» Assignment:
After locating the line that contains "2PCS ultraleichte Trekkingstöcke, 135CM" in the records below, write out exactly that line and each line after it through the one that contains "DUNHILL PERFORMANCE LEATHER", and nothing else.

» Data shown:
========================

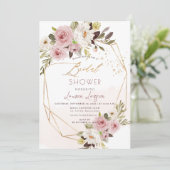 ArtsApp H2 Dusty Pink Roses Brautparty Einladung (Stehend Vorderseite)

========================

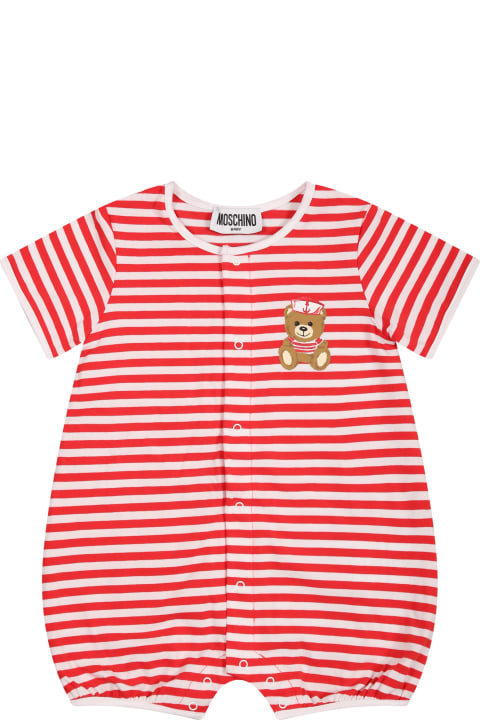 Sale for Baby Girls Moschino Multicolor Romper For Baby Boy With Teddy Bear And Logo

========================

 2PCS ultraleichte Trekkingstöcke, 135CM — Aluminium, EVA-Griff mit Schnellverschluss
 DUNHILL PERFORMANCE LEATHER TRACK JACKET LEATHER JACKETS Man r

========================

» Written response:
 2PCS ultraleichte Trekkingstöcke, 135CM — Aluminium, EVA-Griff mit Schnellverschluss
 DUNHILL PERFORMANCE LEATHER TRACK JACKET LEATHER JACKETS Man r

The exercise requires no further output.